General information
- Location: 13 Jaffray Street New Liskeard, Ontario Canada
- Coordinates: 47°30′32″N 79°41′10″W﻿ / ﻿47.5088374672157°N 79.68613501545425°W
- Owner: Ontario Northland Railway
- Line: Temagami Subdivision
- Tracks: 2

History
- Closed: 2012 (rail) March 4, 2016 (bus)
- Rebuilt: 2026 (planned)
- Former names: New Liskeard (until 2012)

Former service
| Preceding station | Ontario Northland Railway |  |  | Following station |
| Englehart toward Cochrane |  | Northlander |  | Cobalt toward Toronto |

Future service
| Preceding station | Ontario Northland Railway |  |  | Following station |
| Englehart toward Cochrane |  | Northlander (reopening late 2026) |  | Temagami toward Toronto |

Location

= Temiskaming Shores station =

Former railway station in Ontario, Canada

Temiskaming Shores station (formerly New Liskeard station) is a planned passenger rail station in Temiskaming Shores, Ontario, Canada. It will be served in the future by the restored Northlander passenger train operated by the Ontario Northland Railway.

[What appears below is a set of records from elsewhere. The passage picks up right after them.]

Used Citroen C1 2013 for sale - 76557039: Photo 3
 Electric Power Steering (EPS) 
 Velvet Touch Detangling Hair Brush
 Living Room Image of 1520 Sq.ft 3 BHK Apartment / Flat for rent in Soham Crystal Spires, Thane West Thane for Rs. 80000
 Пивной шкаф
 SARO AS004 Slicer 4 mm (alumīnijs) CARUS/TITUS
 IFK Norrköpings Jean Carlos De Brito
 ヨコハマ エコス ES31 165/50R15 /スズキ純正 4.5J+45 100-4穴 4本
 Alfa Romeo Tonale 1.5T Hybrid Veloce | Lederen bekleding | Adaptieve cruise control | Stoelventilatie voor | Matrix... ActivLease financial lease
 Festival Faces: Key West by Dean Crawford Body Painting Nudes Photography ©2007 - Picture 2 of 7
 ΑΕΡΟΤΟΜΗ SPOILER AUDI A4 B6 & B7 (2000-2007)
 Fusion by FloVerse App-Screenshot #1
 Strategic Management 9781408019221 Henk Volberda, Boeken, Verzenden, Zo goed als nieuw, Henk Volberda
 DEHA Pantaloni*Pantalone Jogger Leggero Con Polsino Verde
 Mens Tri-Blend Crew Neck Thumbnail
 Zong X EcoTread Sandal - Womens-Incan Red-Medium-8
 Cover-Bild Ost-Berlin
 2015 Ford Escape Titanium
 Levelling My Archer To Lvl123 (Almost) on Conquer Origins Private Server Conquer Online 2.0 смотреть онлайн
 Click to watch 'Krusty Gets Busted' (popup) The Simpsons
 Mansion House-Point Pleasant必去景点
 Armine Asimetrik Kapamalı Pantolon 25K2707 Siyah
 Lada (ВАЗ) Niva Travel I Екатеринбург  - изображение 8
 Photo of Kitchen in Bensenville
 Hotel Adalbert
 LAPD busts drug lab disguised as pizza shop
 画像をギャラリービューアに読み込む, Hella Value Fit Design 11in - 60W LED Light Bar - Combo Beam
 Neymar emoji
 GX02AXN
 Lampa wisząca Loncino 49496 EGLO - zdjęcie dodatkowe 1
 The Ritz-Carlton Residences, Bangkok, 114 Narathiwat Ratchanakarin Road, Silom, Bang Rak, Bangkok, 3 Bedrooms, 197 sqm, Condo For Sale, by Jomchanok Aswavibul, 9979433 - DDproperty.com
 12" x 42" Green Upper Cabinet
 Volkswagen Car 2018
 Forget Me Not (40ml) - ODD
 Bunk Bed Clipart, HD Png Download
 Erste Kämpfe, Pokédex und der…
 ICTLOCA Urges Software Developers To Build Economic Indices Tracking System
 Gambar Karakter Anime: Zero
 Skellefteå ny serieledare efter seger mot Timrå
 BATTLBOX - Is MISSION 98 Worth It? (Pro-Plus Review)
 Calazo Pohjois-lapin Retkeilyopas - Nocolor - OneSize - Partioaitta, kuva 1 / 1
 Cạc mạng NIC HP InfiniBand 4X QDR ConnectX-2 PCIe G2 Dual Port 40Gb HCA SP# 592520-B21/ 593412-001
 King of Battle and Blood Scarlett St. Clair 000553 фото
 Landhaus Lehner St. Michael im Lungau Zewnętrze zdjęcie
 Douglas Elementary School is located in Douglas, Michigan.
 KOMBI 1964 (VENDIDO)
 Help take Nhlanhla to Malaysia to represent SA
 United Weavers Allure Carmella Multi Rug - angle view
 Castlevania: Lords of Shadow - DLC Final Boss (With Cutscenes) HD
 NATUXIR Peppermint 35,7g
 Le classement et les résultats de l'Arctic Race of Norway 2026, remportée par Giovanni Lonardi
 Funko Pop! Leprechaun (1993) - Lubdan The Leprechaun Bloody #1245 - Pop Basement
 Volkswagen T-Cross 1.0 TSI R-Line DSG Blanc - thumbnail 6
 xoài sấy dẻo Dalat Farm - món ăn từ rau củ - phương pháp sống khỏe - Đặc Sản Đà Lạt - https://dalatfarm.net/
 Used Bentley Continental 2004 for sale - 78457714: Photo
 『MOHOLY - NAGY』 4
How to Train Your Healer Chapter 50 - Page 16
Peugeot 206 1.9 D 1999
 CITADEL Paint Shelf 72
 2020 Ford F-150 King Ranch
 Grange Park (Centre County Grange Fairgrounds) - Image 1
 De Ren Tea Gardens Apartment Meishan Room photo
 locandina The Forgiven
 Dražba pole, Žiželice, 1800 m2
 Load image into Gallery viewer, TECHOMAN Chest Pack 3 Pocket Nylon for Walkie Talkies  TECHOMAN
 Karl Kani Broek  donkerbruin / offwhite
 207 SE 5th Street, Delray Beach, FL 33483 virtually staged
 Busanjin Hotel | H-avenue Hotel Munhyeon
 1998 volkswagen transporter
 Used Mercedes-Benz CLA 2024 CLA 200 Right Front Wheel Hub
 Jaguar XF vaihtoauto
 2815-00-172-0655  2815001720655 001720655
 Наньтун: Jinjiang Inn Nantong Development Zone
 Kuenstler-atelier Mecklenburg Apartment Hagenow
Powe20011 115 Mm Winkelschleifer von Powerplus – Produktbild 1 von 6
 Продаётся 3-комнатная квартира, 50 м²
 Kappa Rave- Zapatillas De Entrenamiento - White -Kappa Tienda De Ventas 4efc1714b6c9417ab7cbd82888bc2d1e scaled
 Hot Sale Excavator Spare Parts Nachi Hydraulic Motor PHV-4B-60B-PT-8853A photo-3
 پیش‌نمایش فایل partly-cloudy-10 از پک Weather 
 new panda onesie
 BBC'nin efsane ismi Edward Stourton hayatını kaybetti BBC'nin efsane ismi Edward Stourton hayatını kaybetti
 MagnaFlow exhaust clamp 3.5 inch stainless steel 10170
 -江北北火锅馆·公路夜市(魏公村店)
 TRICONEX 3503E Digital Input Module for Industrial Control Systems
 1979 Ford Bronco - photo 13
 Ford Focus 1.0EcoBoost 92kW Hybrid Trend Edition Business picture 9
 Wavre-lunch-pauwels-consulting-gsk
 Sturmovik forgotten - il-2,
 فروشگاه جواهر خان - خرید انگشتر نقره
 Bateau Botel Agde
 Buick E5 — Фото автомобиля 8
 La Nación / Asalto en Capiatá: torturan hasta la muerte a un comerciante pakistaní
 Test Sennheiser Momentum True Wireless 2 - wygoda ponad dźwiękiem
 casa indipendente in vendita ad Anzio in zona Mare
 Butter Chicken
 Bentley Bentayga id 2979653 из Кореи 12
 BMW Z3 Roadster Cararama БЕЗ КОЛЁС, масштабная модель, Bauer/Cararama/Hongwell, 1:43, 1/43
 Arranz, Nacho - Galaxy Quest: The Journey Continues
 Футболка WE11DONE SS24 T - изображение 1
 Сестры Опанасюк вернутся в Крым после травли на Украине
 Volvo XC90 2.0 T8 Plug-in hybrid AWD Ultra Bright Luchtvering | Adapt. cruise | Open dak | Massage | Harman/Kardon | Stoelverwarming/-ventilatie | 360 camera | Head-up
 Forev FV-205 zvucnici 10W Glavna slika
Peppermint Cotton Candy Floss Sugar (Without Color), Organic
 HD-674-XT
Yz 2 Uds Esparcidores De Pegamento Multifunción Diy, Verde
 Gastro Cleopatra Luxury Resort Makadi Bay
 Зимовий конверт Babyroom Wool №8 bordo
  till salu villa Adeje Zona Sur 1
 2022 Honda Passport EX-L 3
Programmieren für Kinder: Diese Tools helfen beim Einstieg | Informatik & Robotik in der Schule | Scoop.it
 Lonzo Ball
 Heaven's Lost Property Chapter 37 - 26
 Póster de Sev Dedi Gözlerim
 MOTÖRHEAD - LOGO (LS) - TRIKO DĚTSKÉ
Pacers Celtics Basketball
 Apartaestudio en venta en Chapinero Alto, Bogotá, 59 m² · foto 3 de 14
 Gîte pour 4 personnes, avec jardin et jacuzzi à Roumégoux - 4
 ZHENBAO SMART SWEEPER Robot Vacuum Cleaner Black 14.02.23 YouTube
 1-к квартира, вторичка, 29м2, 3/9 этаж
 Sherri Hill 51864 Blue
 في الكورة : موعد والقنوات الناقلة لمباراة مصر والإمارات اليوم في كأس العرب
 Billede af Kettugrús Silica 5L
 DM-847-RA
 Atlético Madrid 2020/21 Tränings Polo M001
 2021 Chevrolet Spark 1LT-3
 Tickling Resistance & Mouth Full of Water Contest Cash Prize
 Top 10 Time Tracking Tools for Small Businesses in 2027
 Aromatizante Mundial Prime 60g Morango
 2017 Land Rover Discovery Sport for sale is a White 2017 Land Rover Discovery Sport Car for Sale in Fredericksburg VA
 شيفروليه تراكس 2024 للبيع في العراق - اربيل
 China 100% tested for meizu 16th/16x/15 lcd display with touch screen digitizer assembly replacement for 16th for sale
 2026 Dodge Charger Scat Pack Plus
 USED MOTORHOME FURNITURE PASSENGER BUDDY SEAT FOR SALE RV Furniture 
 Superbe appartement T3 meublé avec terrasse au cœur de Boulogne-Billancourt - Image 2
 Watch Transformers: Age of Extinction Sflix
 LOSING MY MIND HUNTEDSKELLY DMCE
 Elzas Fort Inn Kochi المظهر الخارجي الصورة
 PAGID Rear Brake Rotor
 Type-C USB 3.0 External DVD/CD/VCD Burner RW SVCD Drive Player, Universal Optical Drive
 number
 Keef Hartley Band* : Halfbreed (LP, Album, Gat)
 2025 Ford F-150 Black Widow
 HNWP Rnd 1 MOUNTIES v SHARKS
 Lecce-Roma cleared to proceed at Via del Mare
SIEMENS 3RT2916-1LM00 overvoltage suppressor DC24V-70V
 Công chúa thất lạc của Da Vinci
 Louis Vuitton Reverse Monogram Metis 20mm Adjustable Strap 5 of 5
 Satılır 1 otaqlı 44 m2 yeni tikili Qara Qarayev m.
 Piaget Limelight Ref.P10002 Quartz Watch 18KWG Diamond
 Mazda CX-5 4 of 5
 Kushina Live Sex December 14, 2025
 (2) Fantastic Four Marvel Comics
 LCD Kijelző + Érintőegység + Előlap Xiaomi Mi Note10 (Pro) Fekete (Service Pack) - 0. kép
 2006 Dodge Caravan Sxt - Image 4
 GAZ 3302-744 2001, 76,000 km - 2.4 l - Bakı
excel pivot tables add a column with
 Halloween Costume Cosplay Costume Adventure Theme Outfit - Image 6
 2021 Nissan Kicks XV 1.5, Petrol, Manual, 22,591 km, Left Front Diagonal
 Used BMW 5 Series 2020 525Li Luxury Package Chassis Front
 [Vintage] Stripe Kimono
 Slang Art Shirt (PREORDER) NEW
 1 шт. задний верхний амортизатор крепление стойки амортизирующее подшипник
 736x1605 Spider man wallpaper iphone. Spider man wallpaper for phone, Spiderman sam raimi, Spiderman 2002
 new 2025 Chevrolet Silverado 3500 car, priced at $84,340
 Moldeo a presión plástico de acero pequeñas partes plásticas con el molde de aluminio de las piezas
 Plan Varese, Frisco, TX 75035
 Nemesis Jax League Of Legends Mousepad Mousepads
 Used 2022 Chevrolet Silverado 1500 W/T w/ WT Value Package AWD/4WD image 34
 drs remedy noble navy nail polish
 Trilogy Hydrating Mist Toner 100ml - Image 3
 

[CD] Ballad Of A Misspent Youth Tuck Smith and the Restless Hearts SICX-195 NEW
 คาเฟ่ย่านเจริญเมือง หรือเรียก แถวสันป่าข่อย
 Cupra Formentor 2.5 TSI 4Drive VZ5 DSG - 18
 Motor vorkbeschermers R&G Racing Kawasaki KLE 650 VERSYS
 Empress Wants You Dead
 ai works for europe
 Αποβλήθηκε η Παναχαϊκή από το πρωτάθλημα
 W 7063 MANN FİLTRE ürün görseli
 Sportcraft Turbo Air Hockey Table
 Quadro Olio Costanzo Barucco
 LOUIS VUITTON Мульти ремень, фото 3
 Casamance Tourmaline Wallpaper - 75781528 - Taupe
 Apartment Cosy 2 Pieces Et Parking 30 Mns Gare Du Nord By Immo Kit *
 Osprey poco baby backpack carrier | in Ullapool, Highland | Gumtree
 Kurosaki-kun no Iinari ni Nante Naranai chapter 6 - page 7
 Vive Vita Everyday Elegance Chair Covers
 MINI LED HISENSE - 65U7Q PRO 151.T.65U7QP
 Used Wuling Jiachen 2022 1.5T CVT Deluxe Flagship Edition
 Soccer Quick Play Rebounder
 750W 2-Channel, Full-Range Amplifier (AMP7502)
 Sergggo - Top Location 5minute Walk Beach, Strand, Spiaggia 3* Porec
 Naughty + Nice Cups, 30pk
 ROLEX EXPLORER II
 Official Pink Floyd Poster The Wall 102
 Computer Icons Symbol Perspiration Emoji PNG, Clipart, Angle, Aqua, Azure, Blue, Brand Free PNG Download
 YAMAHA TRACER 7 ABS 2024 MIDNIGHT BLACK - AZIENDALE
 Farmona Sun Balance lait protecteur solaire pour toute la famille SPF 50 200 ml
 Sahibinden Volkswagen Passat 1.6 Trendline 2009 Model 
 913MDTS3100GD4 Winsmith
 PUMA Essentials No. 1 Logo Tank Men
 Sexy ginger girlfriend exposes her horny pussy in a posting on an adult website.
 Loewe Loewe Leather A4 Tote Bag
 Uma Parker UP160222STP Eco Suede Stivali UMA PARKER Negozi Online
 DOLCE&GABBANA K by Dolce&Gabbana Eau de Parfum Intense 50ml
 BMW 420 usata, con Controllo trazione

The site formerly had a station for the Northlander passenger train until service was discontinued in 2012. It continued operating as a bus station for Ontario Northland Motor Coach Services until its full closure on March 4, 2016. The original station building was demolished in 2023.

Ontario Northland plans to reopen the site as Temiskaming Shores station as part of the restoration of Northlander passenger rail service scheduled for 2026. A new enclosed passenger shelter is planned for construction between 2024 and 2026. The station will be one of nine enclosed shelters planned along the restored Northlander corridor.